Anya tertawa. Riko dan Brian juga ikut tertawa. Tere dan Ryan hanya tersenyum. Ryan mempersilahkan Tere duduk.
"Cie, yang udah jadian" ejek Anya pada sahabatnya. Tere menyiku lengan Anya.
"Siapa yang jadian." Tere bicara seadanya.
"Oh belum." Kata Anya tersenyum.
***
Tere dan Anya menjadi dekat dengan Ryan dan kawan-kawan. Tere bersyukur. Semua hal buruk yang ada dalam pikirannya tak terjadi. Ryan sangat baik padanya. Semua berjalan dengan baik.
"Hari ini temenin gue nonton basket yuk." Tere mengajak Anya.
"Mau lihat Ryan main?" Anya langsung nyerocos to the point.
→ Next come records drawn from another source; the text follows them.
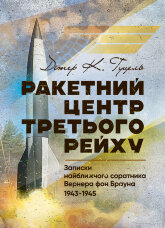 Ракетний центр Третього рейху. Записки найближчого соратника Вернера фон Брауна. 1943-1945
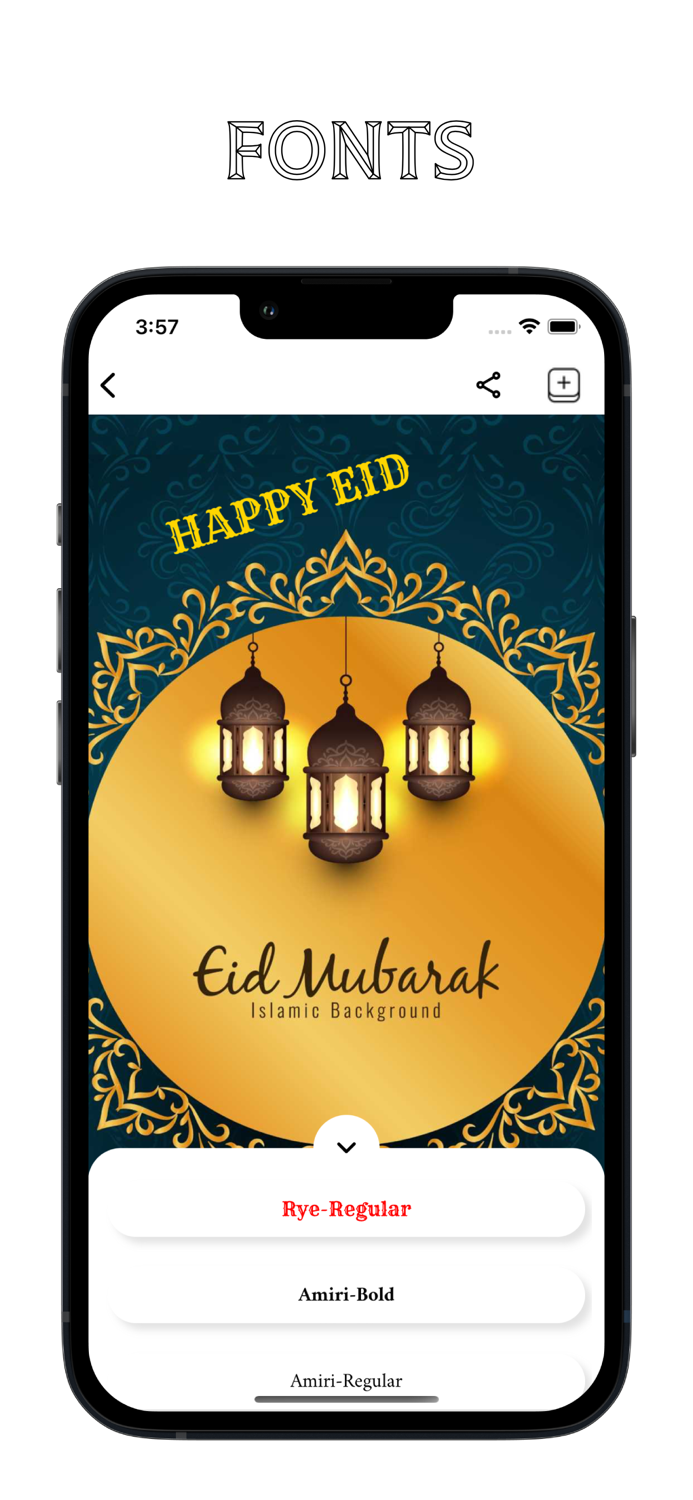 Eid Mubarakعيد مباركGreeting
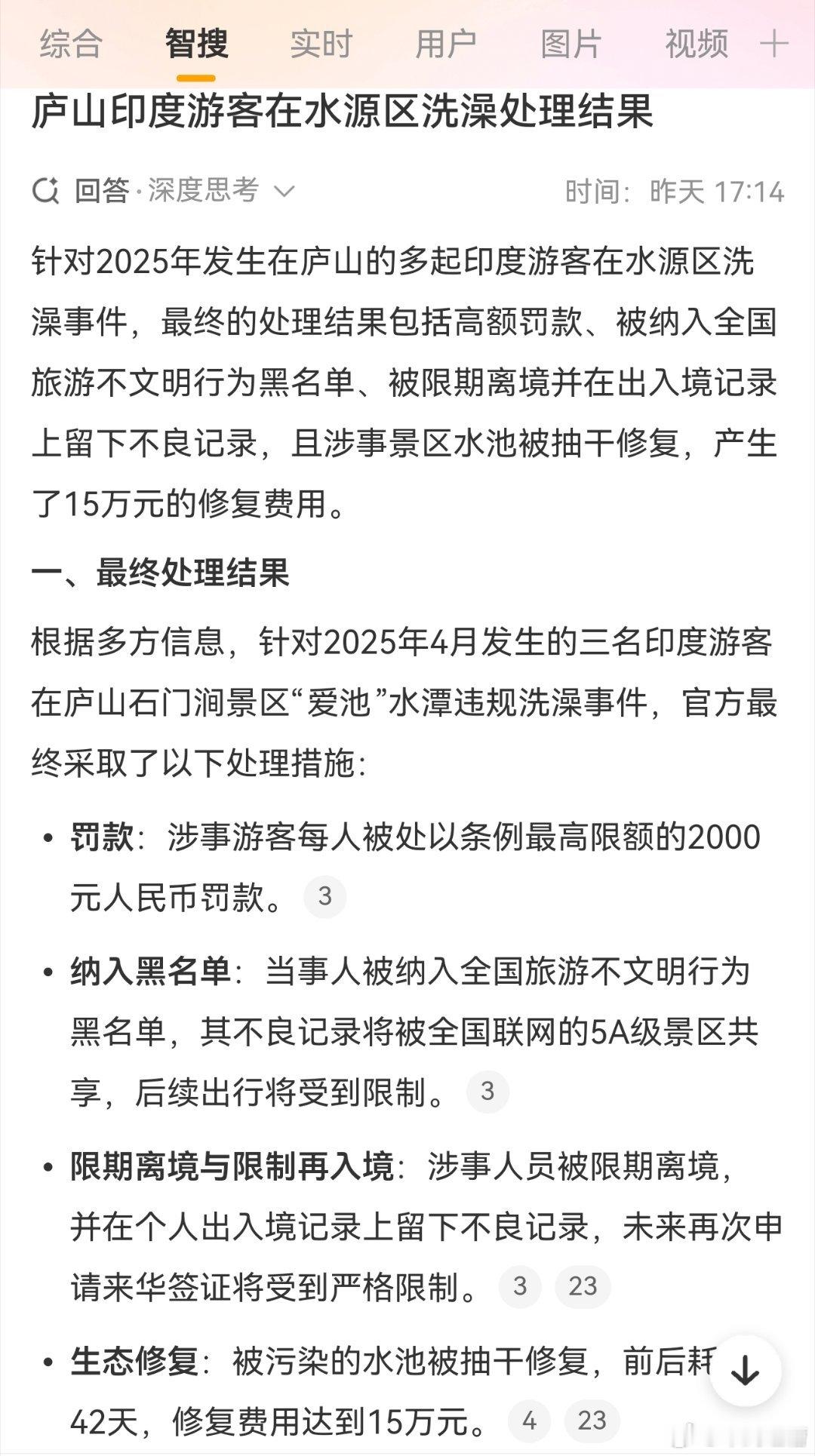 庐山严厉处置了那几个印度人如果是真的，绝对值得热搜，给江西上了一波大分！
Tere mengangguk.
"Emang lawan siapa?" sambung Anya lagi.
"IX-A" jawab Tere singkat sambil mengemas bukunya ke dalam tas.
"Wat,,gue ga salah denger? Ryan bakal tanding sama kelas IX-A? Lo yakin?" tanya Anya tak percaya.
"Lah, emang kenapa? Ada yang salah? Kamu ga percayain tim kelas kita?" Tere bertanya balik karena tak mengerti maksud Anya.
"Tere, mereka itu tim unggulan dari sekolah ini. Lo inget yang gue certain kemarin? Tentang kak Yoga. Dia itu kelas IX-A. Mereka tinggi semua dan udah pada agli basket. Ryan yakin mau lawan mereka?" Anya tak yakin dengan lawan mereka nanti. Tidak dengan Tere. Tere malah semakin penasaran apa hasil yang akan didapat tim Ryan saat dirinya disana mendukung Ryan. Tere tersenyum kecil. Anya mengangkat alisnya.
"Lo ngapain senyum jaim gitu. Gue serius Tere."
"Ya bagus dong kalau lawan mereka jago. Itu artinya tim kita berani ambil resiko. Udah, kamu percaya aja sama tim kita nanti. Aku yakin, pasti menang." Tere meyakinkan Anya yang dari tadi hanya geleng kepala tak yakin melihat pertandingan nanti.
"Hei." Ryan mendatangi bangku Tere.
"Hei." Jawab Tere sambil tersenyum.
"A elahh. Lo nyapa Tere doang? Bisa sakit gue lama-lama." Anya memasang wajah jengkel. Tere dan Ryan hanya tersenyum.
"Woi.." Riko dan Brian mengejutkan mereka semua. Mereka ikutan nimbrung.
"Gimana, kalian udah siap lawan mereka nanti?" tanya Tere.
"Harus siap dong. Apalagi kamu ikut semangatin. Pasti nanti menang." jawab Ryan bersemangat.
"Hehh. Ntar dulu ya. Nanti dulu bilang menangnya. Ntar kalah, sakit tahu." Umpan Anya yang sedari tadi terus meragukan timnya.
"Lu gimana sih, Anyakkkkk. Masa larang timnta buat optimis. Pesimis lu." Sanggah Brian.
"Masalahnya tim yang kalian lawan ini beraaaat Brian. Jadi wajar, gue ga yakin sama kalian." Anya membuat Brian kesal.
"Udah ah. Kok malah berantem sih. Yang jelas, kita usahakan main yang terbaik. Oke." Ryan menenagkan mereka.
"Setuju." tambah Tere mantap.
"Hmmmm.. Oke. Jam berapa nih, mainnya?" tanya Tere.
"Janjinya jam 2." Jawab Riko. Tere melirik jam tangannya. Sekarang jam 1.45.
"Guys, 15 menit lagi. Kita udah bisa ngumpul ke lapangan." Tere mengingatkan.
"Ia, betul. Kuy pergi sekarang" ujar Brian bersemangat.